# Vision Metron 40mm Clinchers



## SBH1973 (Nov 21, 2002)

Has anyone seen/heard/ridden Vision Metron 40mm clinchers? I ask because I recently ordered a 2014 Cannondale Synapse Hi-Mod DA, which is specced with these wheels. (This is my mid-life-crisis, turning-40 gift to myself) I've seen a couple of reviews, and I guess some pro named Sagan rides on them. But I can't find them for sale anywhere and FSA won't tell me the retail price.

I ask because if they're selling for some outrageous amount ($2000?) I might just sell them and build a new set for myself (I have some spare wheel parts laying around I could use). But hey, if they're decent hoops, look cool, and match the bike, maybe I'll just keep them.

Anyone know what these things retail for?
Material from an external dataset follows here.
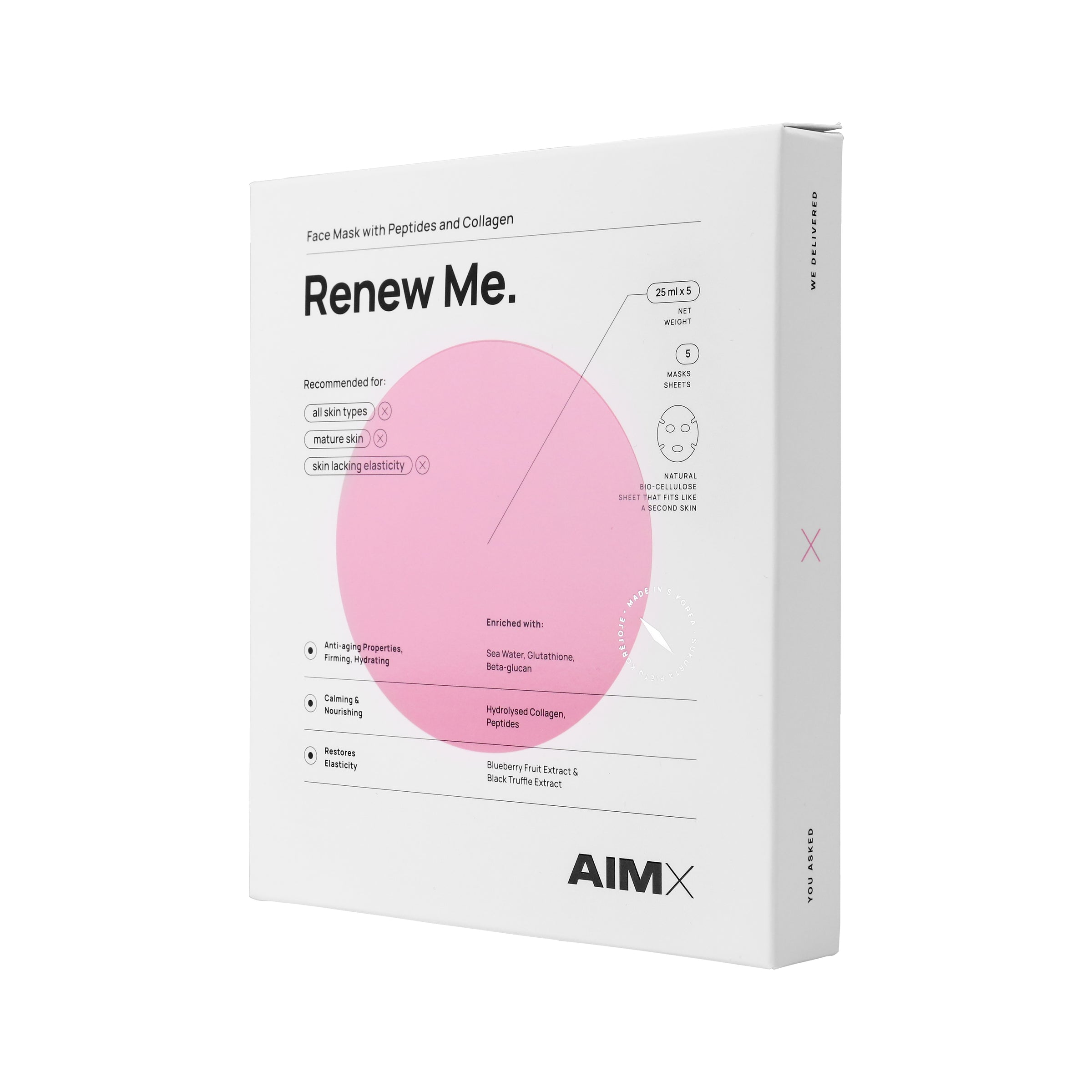 Lerelle Beauty Aimx Renew Me Korean sheet mask box front panel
Think they're worth it?


----------



## StefanG (Nov 25, 2009)

If I'm reading this right, looks like ~$2,000 USD.

FSA Vision Metron carbon road cockpit – first look | BikeRadar


----------



## carlislegeorge (Mar 28, 2004)

probably try to squeeze more than $2K out of you if you want them that bad...

Tires, Tubes & Wheels :: Wheels - 650/700c & 29" :: 700c Wheels :: Metron 40 Clincher - Black (Vision Metron 40 Clincher) - The Best Prices On Bicycle Parts, Cycling Clothing, Bikes and Bike Gear - Shop Uptown Cycles

...but you get wheel bags!


----------



## SBH1973 (Nov 21, 2002)

Wow - I did some Googling but didn't see them at Uptown. Wow - that's a lot of dough. It is tempting to unload them right away and just build something up some 23mm wide alloy clinchers. But they do look nice. I guess I'll see how my wallet is feeling when the bike finally gets here (I'm being told about a week).


----------



## SauronHimself (Nov 21, 2012)

SBH1973 said:


> Wow - I did some Googling but didn't see them at Uptown. Wow - that's a lot of dough. It is tempting to unload them right away and just build something up some 23mm wide alloy clinchers. But they do look nice. I guess I'll see how my wallet is feeling when the bike finally gets here (I'm being told about a week).


$2k for 1195g clinchers is pretty good in my book, though I'm not sure about the 18/21 spoke configuration. That's just abnormal to me.


----------



## Cinelli 82220 (Dec 2, 2010)

Aluminum freehub body, how durable will that be?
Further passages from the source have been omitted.